Dal 1963 la crescita è costante, tanto da assumere una posizione importante nel settore dei trasporti. Tra il 1993 e 1996 avvengono le prime fusioni con le società Schenker & Co. Trieste e Mondial Medtrans, mentre nel 1997 la sede si trasferisce a Peschiera Borromeo dove già si trovavano uffici e magazzini. In quegli stessi anni Schenker Italiana crea quattro hub: marittimo, aereo, terrestre e logistico. Un ulteriore sviluppo arriva con l’incorporazione della Società Trasporti Castelletti nel 2000 e Zuffo & C. nel 2001 e con il raddoppio delle filiali sul territorio. L’ultimo tassello viene raggiunto tra il 2007 e il 2011, con l’integrazione di Bax Global, Railog e Hangartner.

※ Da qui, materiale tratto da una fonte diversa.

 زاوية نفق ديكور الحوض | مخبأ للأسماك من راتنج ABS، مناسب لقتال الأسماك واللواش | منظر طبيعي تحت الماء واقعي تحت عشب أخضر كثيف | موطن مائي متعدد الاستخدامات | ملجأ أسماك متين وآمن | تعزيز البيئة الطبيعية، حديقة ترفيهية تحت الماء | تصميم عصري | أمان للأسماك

Attualmente Schenker in Italia copre il 90 per cento del territorio – offrendo l’intera gamma di servizi di trasporto internazionali terrestri, marittimi e aerei, ma anche soluzioni logistiche avanzate -, con un fatturato che, nel 2019, ha sfiorato 712 milioni di euro grazie a un network di 31 filiali, 5 centri logistici, 3 terminal ferroviari e 2 intermodali, 4 magazzini refrigerati.
Sul fronte dei trasporti terrestri, in particolare, si va dalle spedizioni programmate di piccole dimensioni in tutta Europa, ai collegamenti continui da e per i mercati di scambio dei clienti. Dai collegamenti door-to-door senza soste di ricarico nei terminal, alle soluzioni multimodali (gomma-rotaia), oppure ai trasporti ferroviari combinati con servizi logistici.

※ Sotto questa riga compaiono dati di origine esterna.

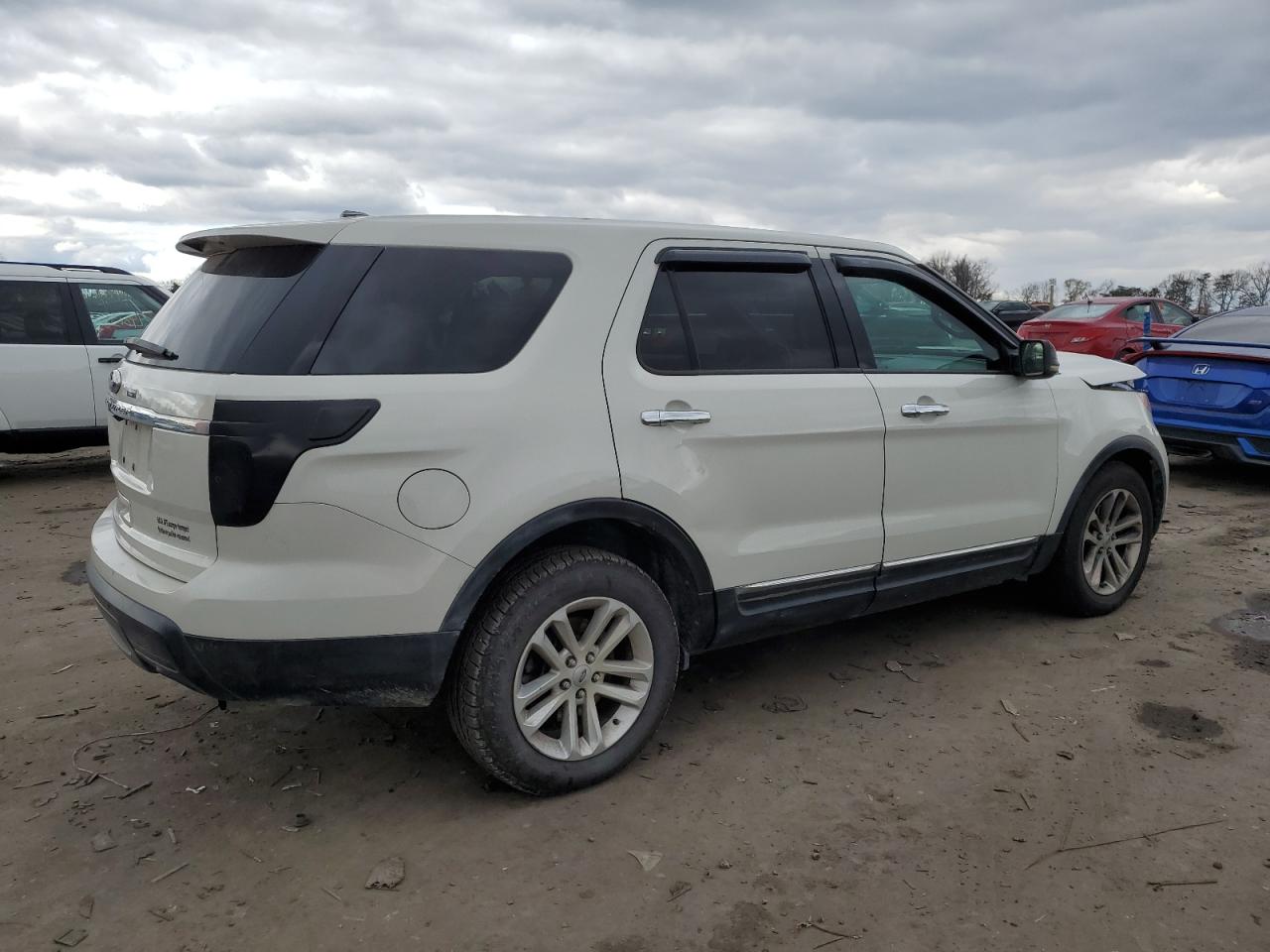 Image 3 of 2011 FORD EXPLORER XLT 2011 with VIN 1FMHK8D87BGA53246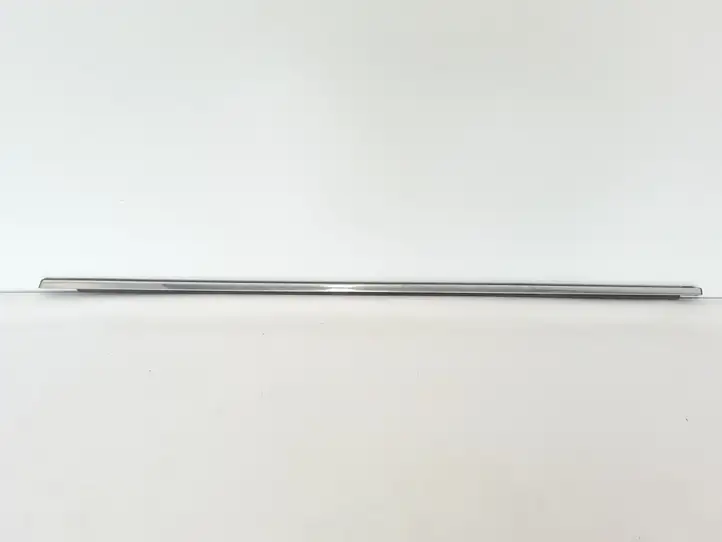 Renault Latitude (L70) (2010 - 2014) 828210169R Молдинги задней двери — фото 1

Tante le soluzioni offerte per il trasporto aereo: dai jet cargo ai charter, fino alla fornitura di pezzi di ricambio per le navi o un servizio sviluppato per rispondere alle richieste dell’industria aerospaziale o di operatori aerei. Discorso analogo per il trasporto marittimo con soluzioni in grado di far risparmiare al cliente sui costi e i tempi di transito trasportando carichi completi, o con servizi per spedizioni individuali parziali (LCL) consolidate in container.

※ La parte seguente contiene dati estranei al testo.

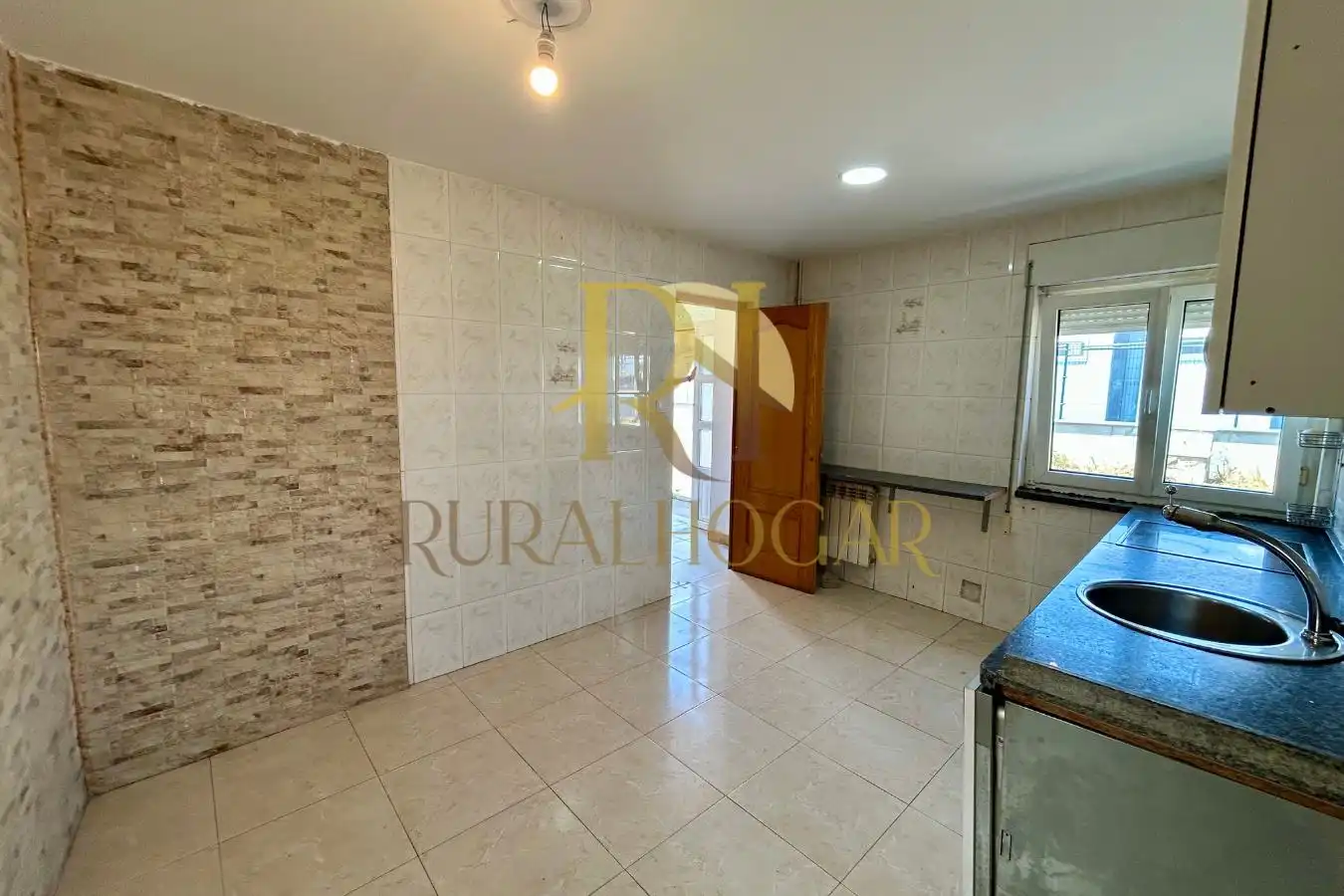 Cocina de Casa o chalet en venta en Bustillo del Páramo con Calefacción, Jardín privado y Terraza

Per quanto riguarda la Contract Logistics, Schenker vanta 60mila metri quadri di magazzini distribuiti su 5 complessi logistici: Castel S. Giovanni Log Park (Electronics, Healthcare, Fashion, Industrial); Broni Log Park (Automotive); Bologna Interporto (Beverage, Electronics); Manoppello Interporto d’Abruzzo (Industrial, Fashion); Nola Interporto (Food, Automotive).